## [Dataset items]
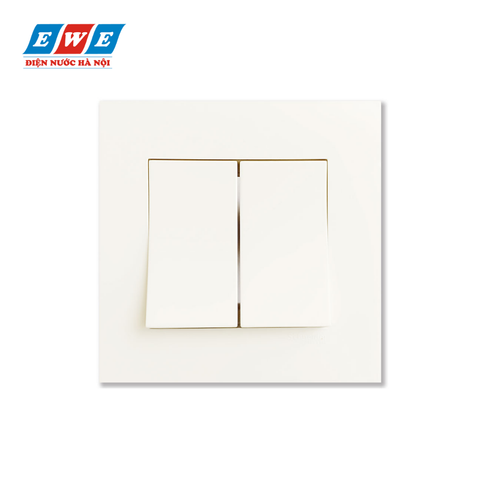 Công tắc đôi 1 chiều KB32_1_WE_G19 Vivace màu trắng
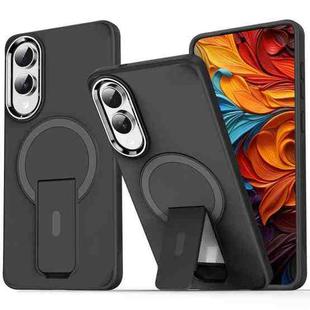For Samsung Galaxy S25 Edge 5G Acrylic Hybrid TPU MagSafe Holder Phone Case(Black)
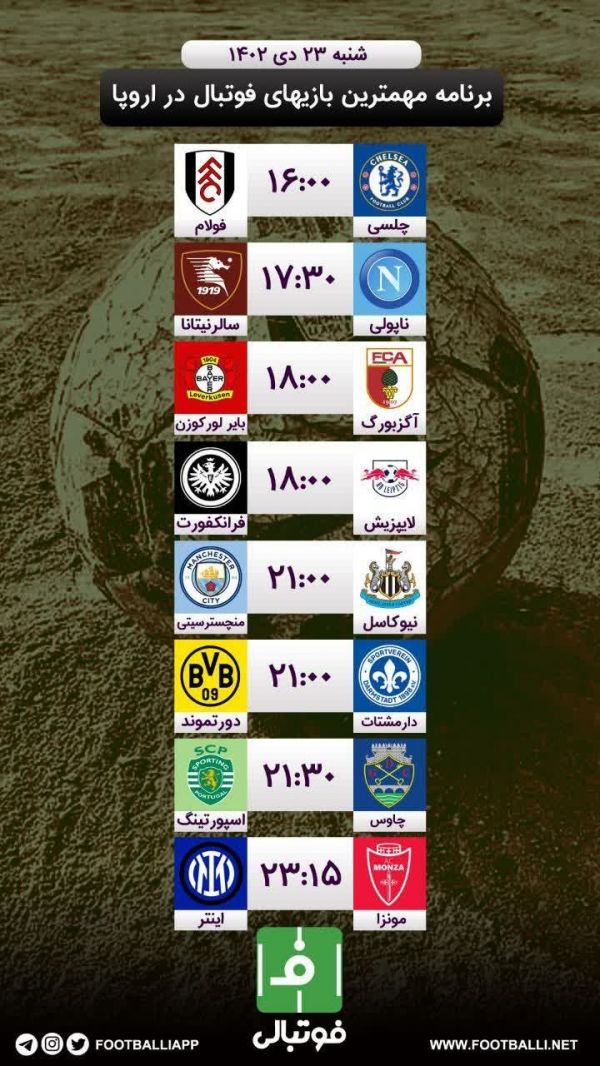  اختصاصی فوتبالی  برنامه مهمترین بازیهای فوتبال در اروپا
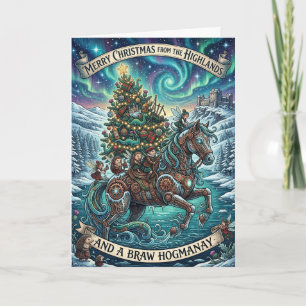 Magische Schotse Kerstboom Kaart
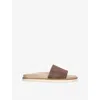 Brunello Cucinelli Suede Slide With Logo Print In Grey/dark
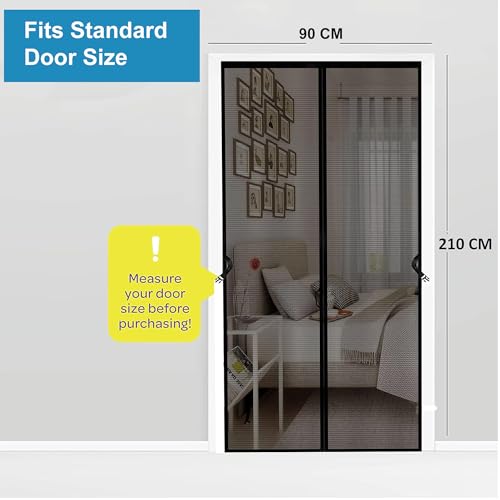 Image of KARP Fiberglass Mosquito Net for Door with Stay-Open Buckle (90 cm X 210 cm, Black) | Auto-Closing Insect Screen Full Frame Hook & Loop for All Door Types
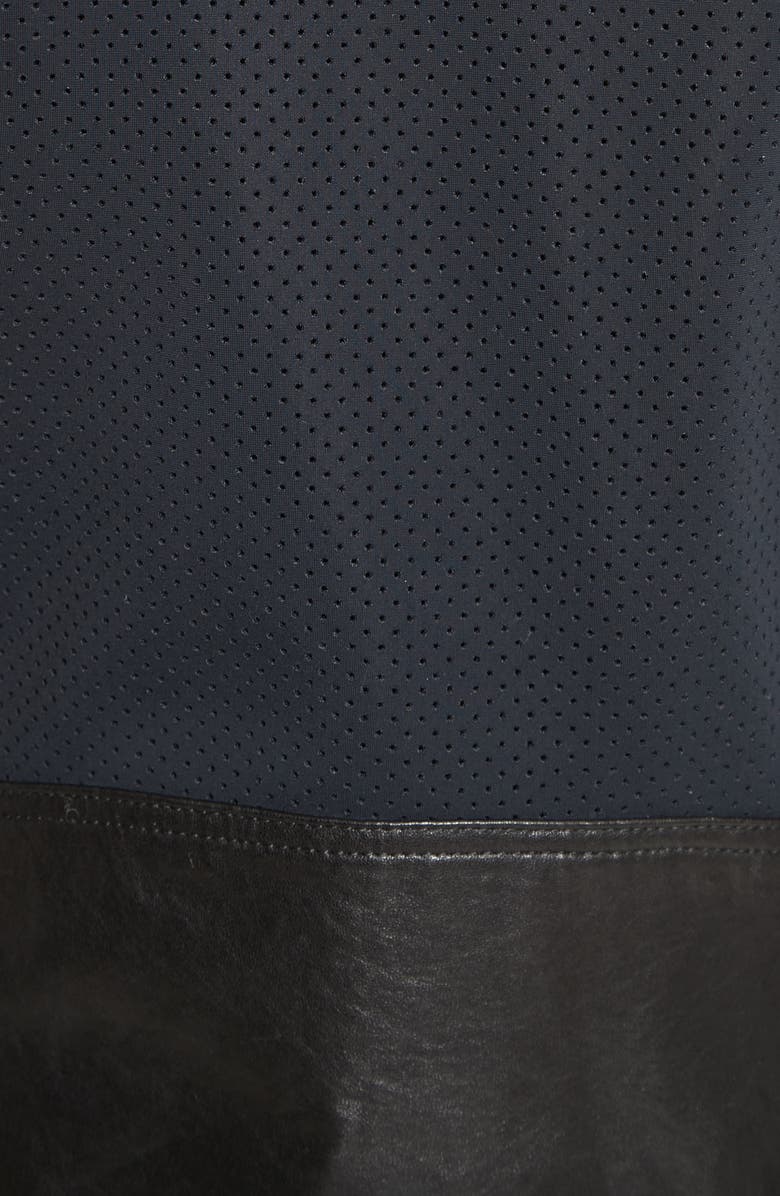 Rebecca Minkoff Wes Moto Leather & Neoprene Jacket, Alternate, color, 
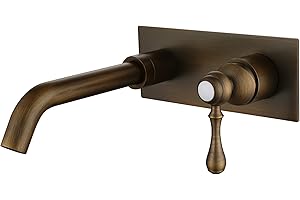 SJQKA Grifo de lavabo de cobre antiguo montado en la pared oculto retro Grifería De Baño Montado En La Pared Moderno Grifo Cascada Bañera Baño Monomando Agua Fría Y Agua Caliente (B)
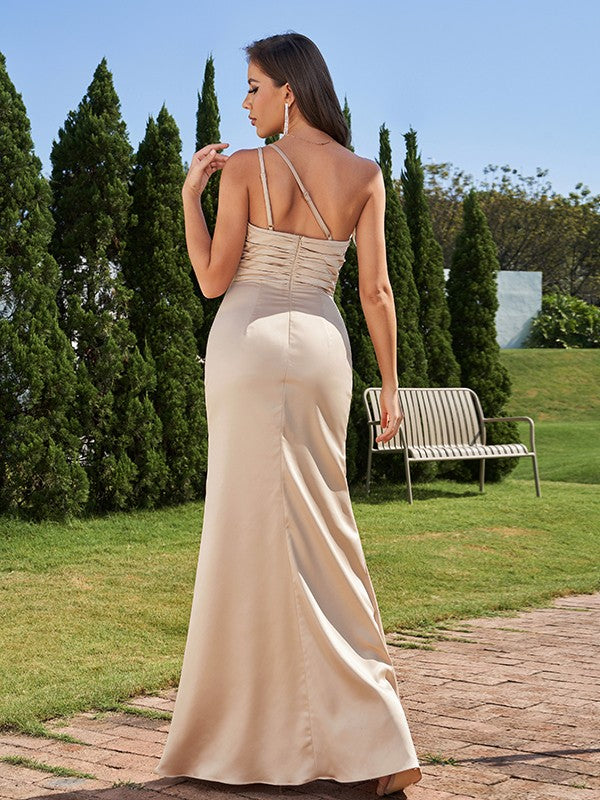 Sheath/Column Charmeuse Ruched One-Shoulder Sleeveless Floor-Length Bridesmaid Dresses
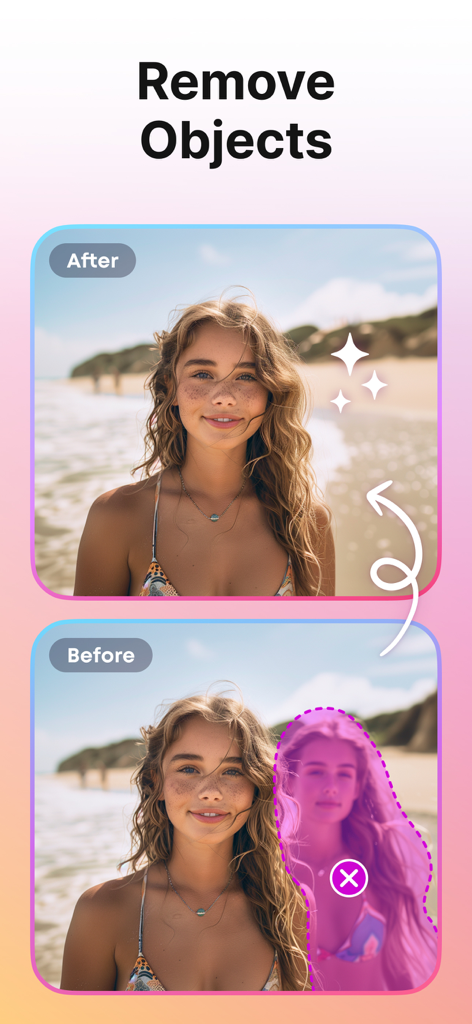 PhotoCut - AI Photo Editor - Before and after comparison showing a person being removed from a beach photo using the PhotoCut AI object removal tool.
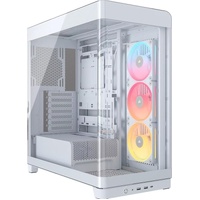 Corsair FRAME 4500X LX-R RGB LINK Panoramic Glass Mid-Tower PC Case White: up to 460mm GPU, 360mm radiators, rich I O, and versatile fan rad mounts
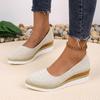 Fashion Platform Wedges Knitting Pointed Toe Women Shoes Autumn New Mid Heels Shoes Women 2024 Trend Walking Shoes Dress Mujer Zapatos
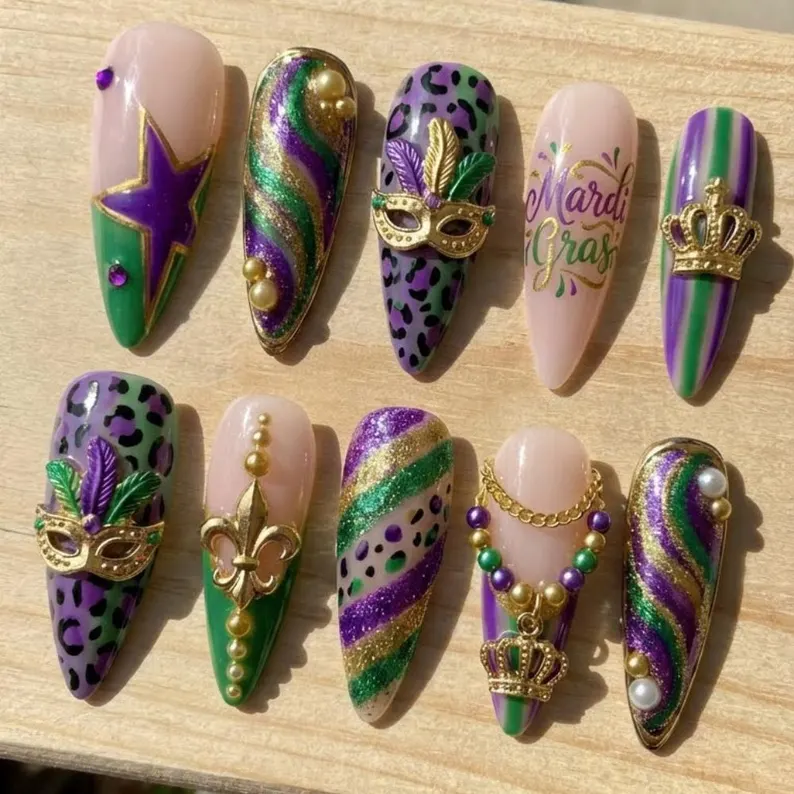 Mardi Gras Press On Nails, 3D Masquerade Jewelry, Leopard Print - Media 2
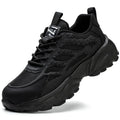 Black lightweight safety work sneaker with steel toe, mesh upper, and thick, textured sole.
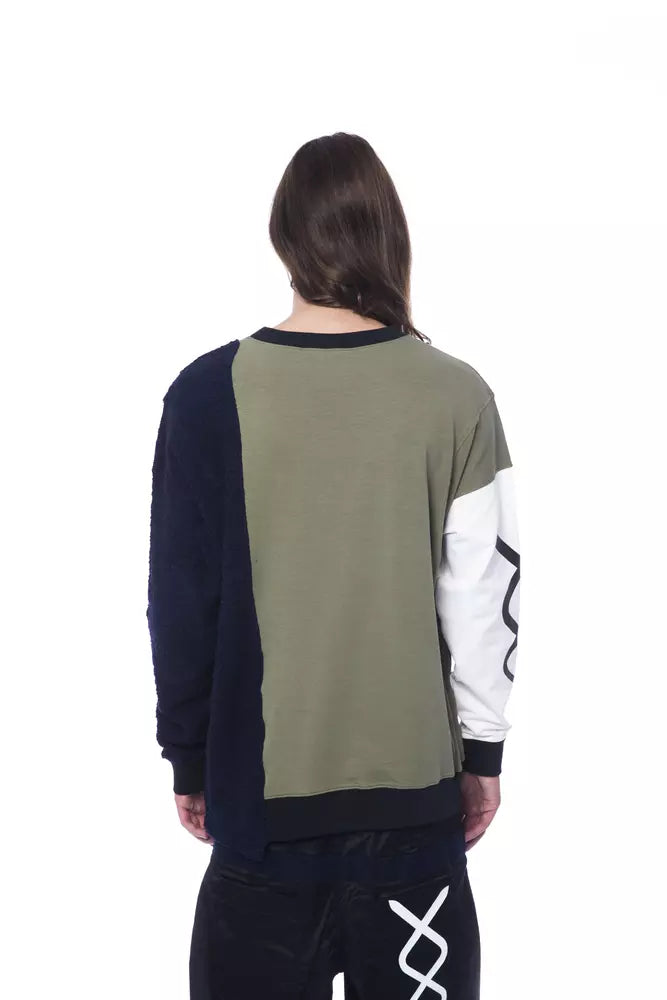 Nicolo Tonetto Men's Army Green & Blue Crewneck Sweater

## [YOUR INSTRUCTIONS]
Keep the pictures out while you retype all of the data above exactly as it appears.

## [OUTPUT FOR THIS TASK]
 Công tắc đôi 1 chiều KB32_1_WE_G19 Vivace màu trắng
For Samsung Galaxy S25 Edge 5G Acrylic Hybrid TPU MagSafe Holder Phone Case(Black)
  اختصاصی فوتبالی  برنامه مهمترین بازیهای فوتبال در اروپا
 Magische Schotse Kerstboom Kaart
 Brunello Cucinelli Suede Slide With Logo Print In Grey/dark
 Image of KARP Fiberglass Mosquito Net for Door with Stay-Open Buckle (90 cm X 210 cm, Black) | Auto-Closing Insect Screen Full Frame Hook & Loop for All Door Types
 Rebecca Minkoff Wes Moto Leather & Neoprene Jacket, Alternate, color, 
 SJQKA Grifo de lavabo de cobre antiguo montado en la pared oculto retro Grifería De Baño Montado En La Pared Moderno Grifo Cascada Bañera Baño Monomando Agua Fría Y Agua Caliente (B)
 Sheath/Column Charmeuse Ruched One-Shoulder Sleeveless Floor-Length Bridesmaid Dresses
 PhotoCut - AI Photo Editor - Before and after comparison showing a person being removed from a beach photo using the PhotoCut AI object removal tool.
 Corsair FRAME 4500X LX-R RGB LINK Panoramic Glass Mid-Tower PC Case White: up to 460mm GPU, 360mm radiators, rich I O, and versatile fan rad mounts
 Fashion Platform Wedges Knitting Pointed Toe Women Shoes Autumn New Mid Heels Shoes Women 2024 Trend Walking Shoes Dress Mujer Zapatos
 Mardi Gras Press On Nails, 3D Masquerade Jewelry, Leopard Print - Media 2
 Black lightweight safety work sneaker with steel toe, mesh upper, and thick, textured sole.
 Nicolo Tonetto Men's Army Green & Blue Crewneck Sweater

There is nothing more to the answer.